Moules, dans la culture d'atténuation, constituent donc une source intéressante de protéines car ils assimilent le phytoplancton déjà surabondant dans l'environnement (zéro intrants alimentaires gérés) tout en fournissant des rétroactions écologiques positives. De telles rétroactions (services écosystémiques) dans d'autres mécanismes d'atténuation sont largement compensées par un soutien financier direct ou des programmes de compensation des coûts. En substance, recycler les nutriments « perdus » dans le système alimentaire et améliorer l'environnement local en cours de route.

Néanmoins, comme toute bonne histoire, il y a des défis à relever. La production accrue de moules d'atténuation nécessite l'optimisation de l'extraction des nutriments dans un espace limité qui minimise également les conflits avec d'autres utilisations des eaux côtières et les intérêts acquis dans le paysage marin.

Le milieu naturel peut également constituer un frein à l'expansion :si les conditions hydrodynamiques sont adaptées, l'établissement naturel des moules est suffisant, et la pression des prédateurs (c.-à-d. les canards eiders) sont gérables. Dans les cercles politiques, du local au régional, déterminer comment et où gérer les nutriments est coloré par une grande variété de perspectives.

Comme ce mécanisme vise à réduire les nutriments déjà présents dans le milieu marin, la mytiliculture d'atténuation est destinée à compléter les programmes de gestion des éléments nutritifs existants, et ce concept fait l'objet d'un débat permanent.

Dernièrement, et qui est essentiel en termes de viabilité économique, la transformation des farines de moules et la rationalisation de la production nécessiteront de nouvelles innovations. Les défis de traitement de la transformation des moules d'atténuation en un repas sont enracinés dans la séparation à haut débit de la coquille du tissu avant la production ultérieure de repas.

Les méthodes conventionnelles de vaporisation et de séparation vibratoire sont relativement coûteuses, tandis que d'autres méthodes de « jus » ou d'autres formes de séparation sans exclusion préalable de la coque donnent généralement des repas à haute teneur en cendres provenant des parties de coque retenues.

Les recherches en cours

Récemment, deux projets administrés par DSC ont été financés pour évaluer les techniques d'optimisation pour maximiser l'extraction des nutriments dans les unités d'atténuation tout en documentant leurs impacts écologiques.

Le projet BONUS OPTIMUS a réuni un consortium de recherche de quatre pays et neuf partenaires pour le développement d'une culture d'atténuation dans la Baltique occidentale pour la production ultérieure de farines de moules comme alternative à la farine de poisson.

Les essais d'alimentation entrepris dans OPTIMUS incluent le remplacement dans les régimes alimentaires des salmonidés.
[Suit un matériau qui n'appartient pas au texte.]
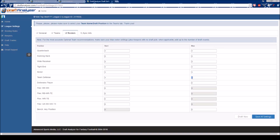It is important to note that the app imports from Yahoo using the utility bench or bench any position setting. With this setting, the app will draft the highest scoring team possible, but you cannot always be assured that it will fill all your particular roster needs. If you play in a best ball or draft master style league, we highly recommend that you adjust these levels to the positions that you know you need drafted and set the utility bench at zero.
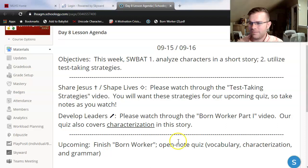What is up my freshmen? Welcome back to the second part of today's lesson. We're on day eight once again as we start reading through our next short story called Born Worker.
Le projet financé au niveau national, MuMiPro, rassemble 15 partenaires évaluant des techniques de culture optimales dans les eaux danoises eutrophes pour la production à grande échelle de farine de moules biologique.

L'ambition des deux projets est de démontrer des moyens de produire des moules d'atténuation qui maximisent leur empreinte écologique positive à un taux économiquement viable. Cela comprend le développement de la transformation des farines de moules pour l'alimentation animale, et finalement le marché des aliments aquacoles à forte croissance.

Le test et l'optimisation de techniques de traitement alternatives sont actuellement à l'étude dans le projet MuMiPro. Trouver la combinaison du maintien d'un bon profil nutritionnel et de la minimisation des coûts de transformation, comme tous les autres ingrédients aquafeed, est un processus en constante évolution.

Les objectifs combinés de ces deux projets sont de propulser le développement de la mytiliculture d'atténuation en tant qu'outil d'atténuation des éléments nutritifs et de techniques de transformation pour un repas de haute qualité.